Assam band Rain in Sahara on creating eco-conscious music
Assamese band Rain in Sahara composes songs that can’t be boxed into any particular genre. They’ve been labelled electro-rock fusion, but they bring so many different genres and musical cultures to the blender that it’s hard to pin down.
The reason for this is that every member of the band comes from a completely different musical background. Founder, rapper, keyboardist and flautist Lain Heringman brings classical training in Baroque, Renaissance and medieval music on the harpsichord and recorder, fused with influences from EDM, political punk rock and hip-hop. Lead vocalist Rain Jong comes from a dark, brooding synth-rock background and has a voice that can make you cry one moment and terrify you the next.
Guitarist Pawan Damai supplies high-energy riffs, while drummer Rui Xing (Majid), a veteran of the Northeast Indian rock scene, anchors the music with steady grooves. Drummer Sunny adds power and precision, and bassist Rajat Bangla provides the foundation that holds it all together. We speak with the band about their new songs and more. Excerpts:
What is eco-conscious music?
Lain: A journalist coined the term after we released our climate change-themed single You Think Our Future Is A Joke, and it stuck! A t its heart, eco-conscious music to us is simply music driven from a place of love. Love for our planet and people all over the world.
What’s funny is that Rain in Sahara was actually born out of an environmental problem! Near one of our apartments, there was what everyone called a drain: black water, sludge, filled with trash. To our horror, we discovered it was actually a river, neglected for decades. That became the subject of our debut single, Black Water, weaving together environmental degradation, corruption, air pollution, and food safety into one song.
How was the band created?
Rain Jong: There were two turning points that eventually became one band.

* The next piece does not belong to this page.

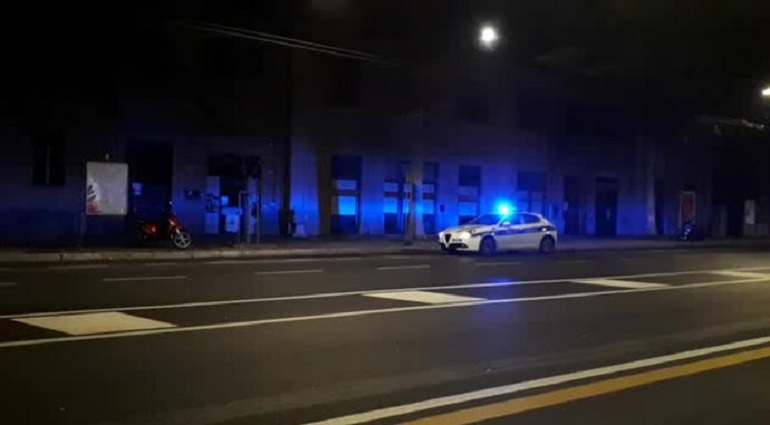 Ancona, evacuati quattro quartieri per disinnescare una bomba della Seconda Guerra Mondiale (foto Ansa)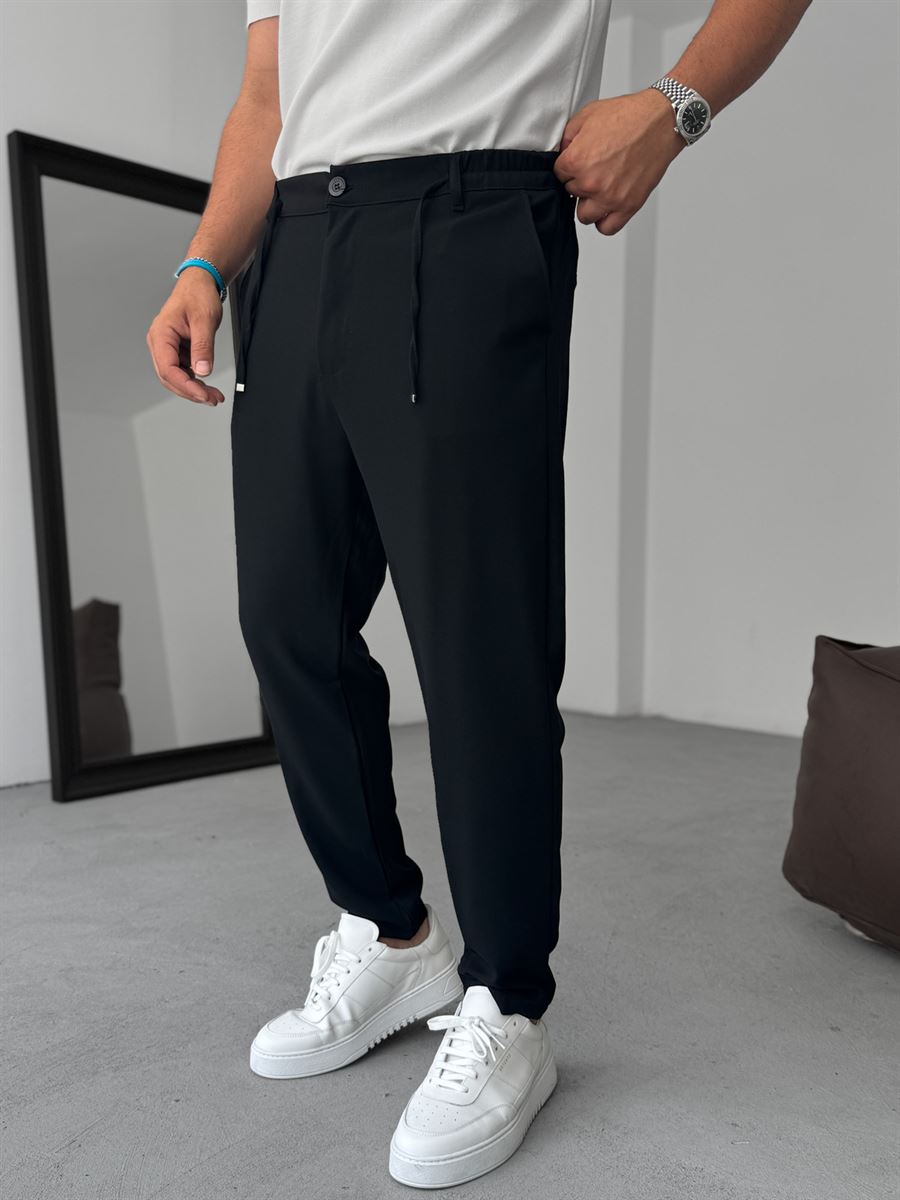 Relaxed Fit Trousers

After studying at the London School of Economics and spending years in the international development sector, Lain Heringman grew increasingly disillusioned by the lack of urgency around the climate crisis. He turned to poetry and political hip-hop, blending those influences with his classical training at Trinity College of Music, London. Rain in Sahara began as a political hip-hop fusion project before evolving into the band it is today.

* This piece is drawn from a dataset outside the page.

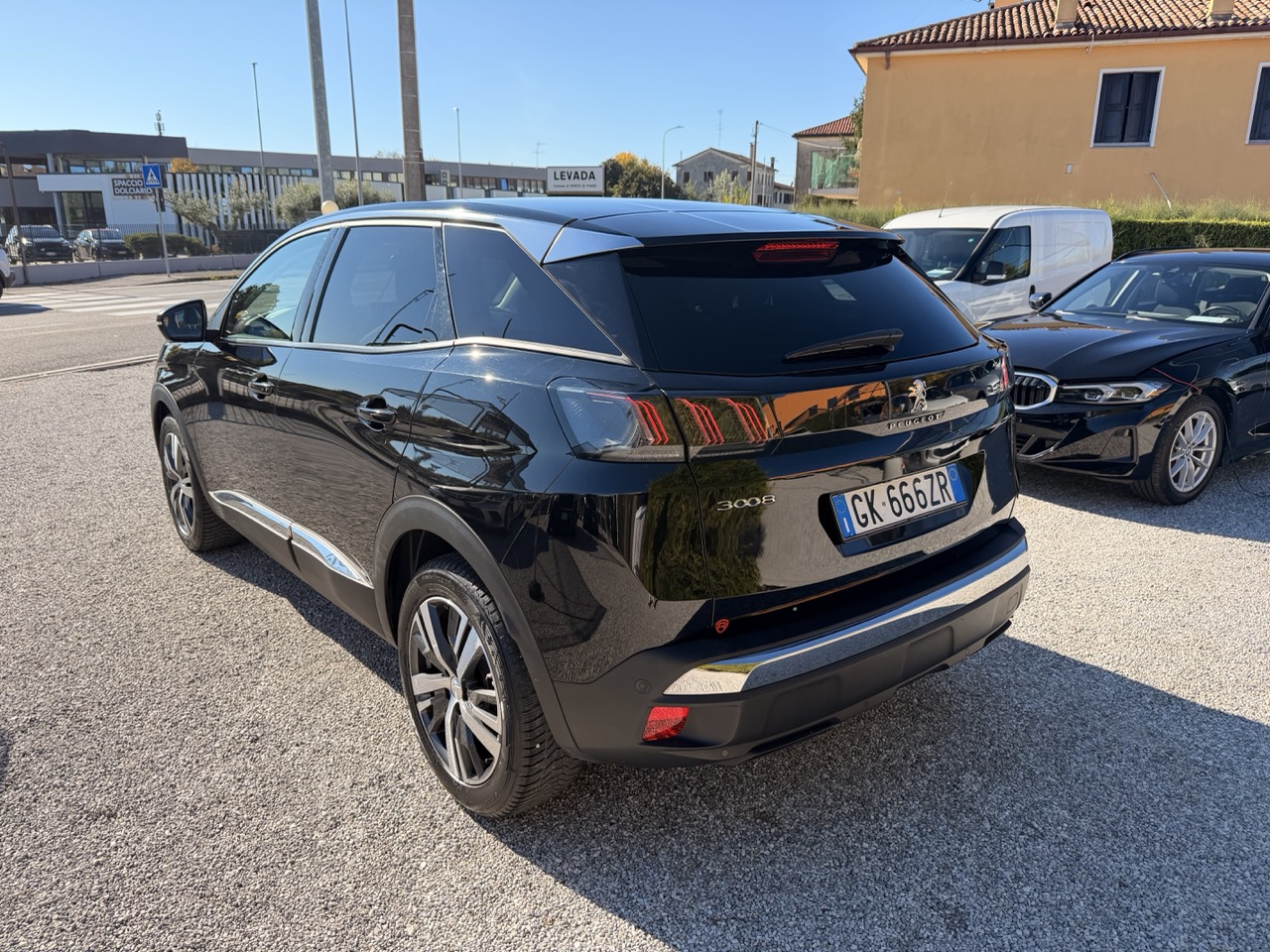 Peugeot 3008 1.5 bluehdi 131 cv Allure Pack Auto *Distribuzione fatta - No vincoli finanziamento* - immagine 6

Meanwhile, Rain Jong had been performing since 2013 with Arogya, a dark synth-rock band from Sikkim that explored pain and difficult social realities. When Rain and Lain met at a festival in Arunachal Pradesh in 2017, they found common ground instantly. The rest of the band—Pawan, Rui, Rajat, and Sunny—were already deeply embedded in the Northeast Indian music scene, drawn to the same intersection of art and purpose.
What have the challenges been in blending activism and music?
Pawan: Finding the balance took us years, and perhaps, honestly, the biggest challenge has been us. Early on, there was so much rage and frustration driving everything, but rage alone doesn’t build community. Learning to channel that energy into something that unites people rather than just venting them, that took us years of live shows and real conversations with audiences to begin to figure out.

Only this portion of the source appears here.